Hyatt Regency Izmir Istinye Park Hotel

The Hyatt Regency Izmir Istinye Park Hotel opened in December 2022. It has 160 rooms, all with a sea view. There’s a penthouse at the top, meeting rooms, rooftop swimming pool and even a ball room. Post pandemic the hotel group realised that more than ever nature is valuable and needs to be sustained for future generations. With this in mind they engineered the building to run on solar power, the rooms are equipped using the most up-to-date sustainable methods such as refillable soap and shampoo dispensers and water bottles, information provided via QR codes or on wooden panels instead of paper, locally sourced food on the breakfast buffet and in the dining room. They have also engaged in an art project in conjunction with Istanbul Modern, showcasing original works in the rooms and common areas.

The lobby of the Izmir Hyatt

Those in search of retail therapy will appreciate the shopping centre next door otherwise it’s just a 5 min walk to the T2 tram stop for the 20 minute ride to Konak Meydanı.

Most of the time it’s down to me to find my own accommodation and I use Booking.com.


Izmir’s climate is mild year round and although it gets very hot in summer, it’s a dry heat that I find much more bearable than the humidity of Istanbul. That said, if you like walking as I do, you’ll enjoy wandering the city more in spring and autumn.


There are some flights from European cities direct to Izmir, but most people fly into Istanbul first. I recommend you spend at least a couple of days in the country’s cultural capital. Let me guide you around Kadikoy, on the Asian side of the city, with my audio walking tour Stepping back through Chalcedon or venture further afield with my bespoke guidebook Istanbul 50 Unsung Places. I know you’ll love visiting the lesser-known sites I’ve included. It’s based on using public transport as much as possible so you won’t be adding too much to your carbon footprint. Back home, read about what you’ve seen and experienced firsthand, in my three essay collections and memoir about moving to Istanbul permanently.

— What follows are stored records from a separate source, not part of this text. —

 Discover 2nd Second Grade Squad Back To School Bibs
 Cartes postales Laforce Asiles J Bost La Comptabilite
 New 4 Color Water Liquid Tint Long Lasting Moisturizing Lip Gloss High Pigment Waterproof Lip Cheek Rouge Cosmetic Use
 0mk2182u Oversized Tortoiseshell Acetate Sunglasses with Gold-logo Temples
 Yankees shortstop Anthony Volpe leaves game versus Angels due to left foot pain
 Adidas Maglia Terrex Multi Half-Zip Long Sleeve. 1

You can find even more ways to experience Istanbul and Turkey with food tours, visits to the old city, evening Bosphorus cruises and more using the GetYourGuide website and Viator.

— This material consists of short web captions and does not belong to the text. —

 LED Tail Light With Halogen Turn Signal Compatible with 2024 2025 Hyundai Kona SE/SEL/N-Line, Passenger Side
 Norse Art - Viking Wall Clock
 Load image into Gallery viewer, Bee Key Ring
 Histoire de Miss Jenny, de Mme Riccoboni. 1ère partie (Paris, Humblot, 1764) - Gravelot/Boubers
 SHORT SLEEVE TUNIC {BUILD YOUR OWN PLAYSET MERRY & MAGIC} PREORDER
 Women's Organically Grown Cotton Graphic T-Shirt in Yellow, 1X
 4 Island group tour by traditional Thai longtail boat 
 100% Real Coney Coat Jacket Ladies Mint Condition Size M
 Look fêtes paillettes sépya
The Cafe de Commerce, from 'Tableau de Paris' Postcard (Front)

From Istanbul you can catch a plane from either Istanbul Airport or Sabiha Gokcen Airport to Izmir. When I book my flights I like to use Kiwi.com.

Depending on your luggage and budget, from the airport you can catch a taxi to Izmir city centre, hop on the Havas Shuttle bus, or use the IZBAN, Izmir’s suburban train service. You can take it from the airport direct to Alsancak Gar, the main station in Izmir. Alternatively hop off one stop earlier at Hilal and change to the metro line for Basmane, Cankaya and Konak stops located closer to the main sights. You’ll need to buy an IZBAN card and load it with credit or you can also use a contactless Visa or Mastercard to get you through the turnstiles. All up the journey takes about 30 minutes.

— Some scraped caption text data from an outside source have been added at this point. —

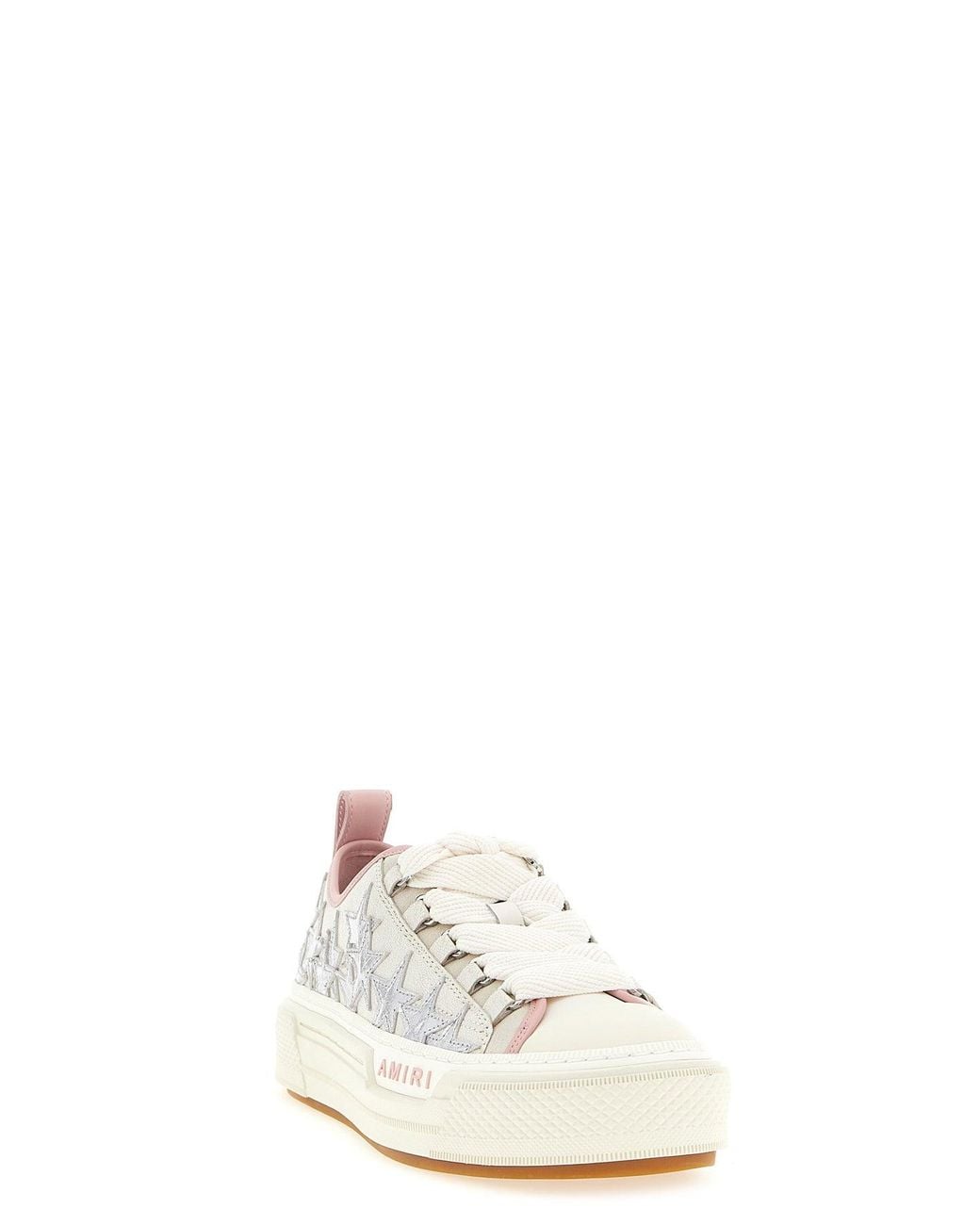 Amiri White Sneaker 'Metallic Stars Court Low'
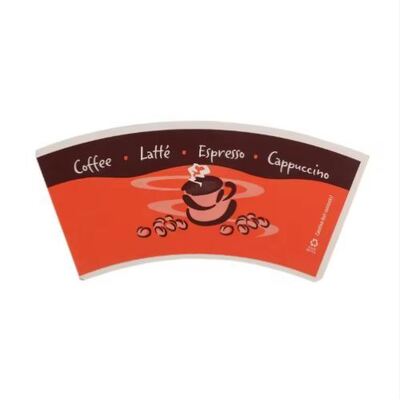 comprar Abanico de vaso de papel multicolor 100 por ciento biodegradable, material PE impermeable desechable, perfecto para café, té y bebidas online manufacture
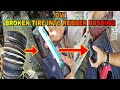 Broken tire into rubber bushing | DIY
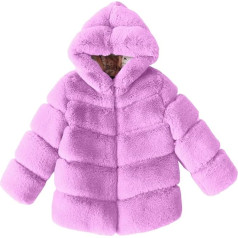 UnoSheng Ziemas lietus mētelis toddler jaka rudens Modes ziemas toddler flīsa apkakle Soild jakas Silts Hooded vilnas jaka ar kapuci Coats Crop Pullover Teenager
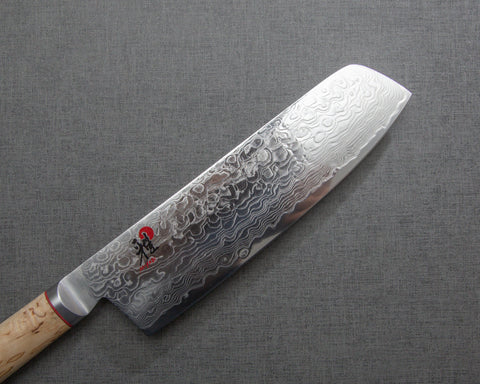 Miyabi SG2 Damascus 170mm Nakiri with Birchwood Handle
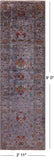 Grey Peshawar Hand Knotted Wool Runner Rug - 2' 11" X 9' 0" - Golden Nile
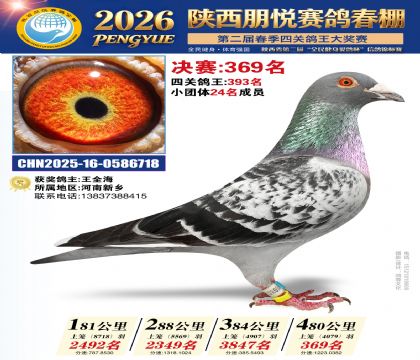 陕西朋悦决赛369名
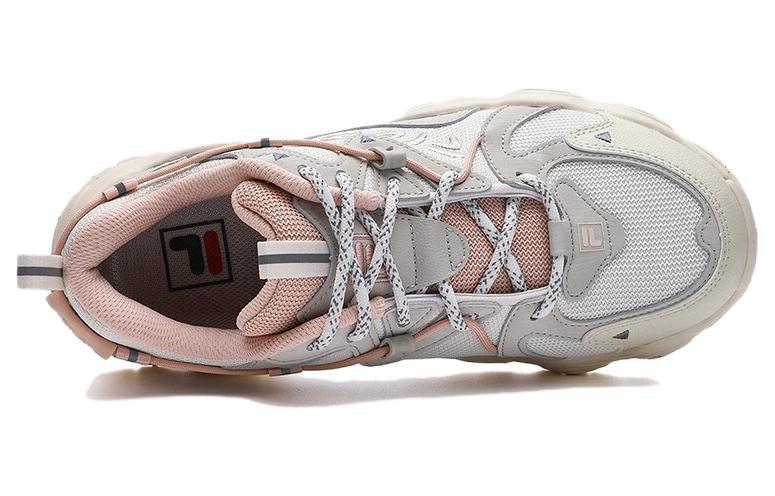 FILA Disruptor Low Sneakers 'Silver Pink' Women's - Image 4
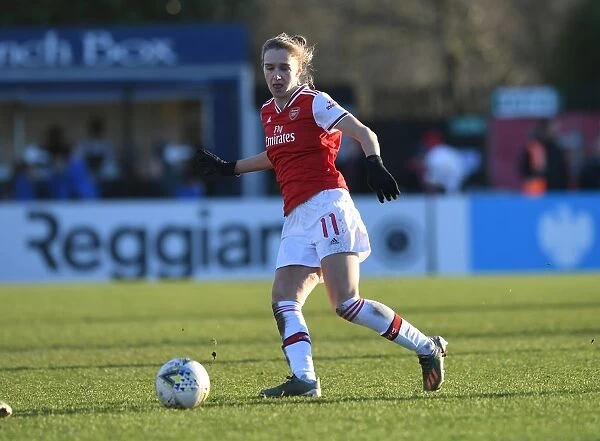Arsenal vs Chelsea: Vivianne Miedema in Action during the FA Womens Super League Match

However I prefer to travel to Izmir by bus. Once you factor in getting to the airport in Istanbul in advance of your flight, the time spent waiting for your luggage and then the trip into town, sitting in an air conditioned bus watching a movie on my laptop or catching up on work is far more productive. From the Asian side the trip takes 6 to 7 hours (depending on when you leave), and you get to see some of the countryside as well. Don’t to forget to factor in another 45 minutes on a local bus into the town centre.


A day trip to Birgi should be high on your itinerary. I’ll be adding more information on day trips to Urla, Alacati, Cesme and Sardis in coming months.


Here are some other tips to help you plan your trip to Izmir and Turkey in general.

Don’t pay extra for an E-VISA. Here’s my post on everything to know before you take off.

E-SIM are the way to go to stay connected with a local phone number and mobile data on the go. Airalo is easy to use and affordable.

Even if I never claim on it, I always take out TRAVEL INSURANCE. I recommend Visitors Coverage.

However you travel, stay safe and have fun! Iyi yolculuklar.


*there’s a new pricing system as of 1.3.24. Entrance fees are quoted in Euro but  paid in TL, calculated on daily exchange rate. Some of these sites are free for Turkish citizens holding a Muze Kart.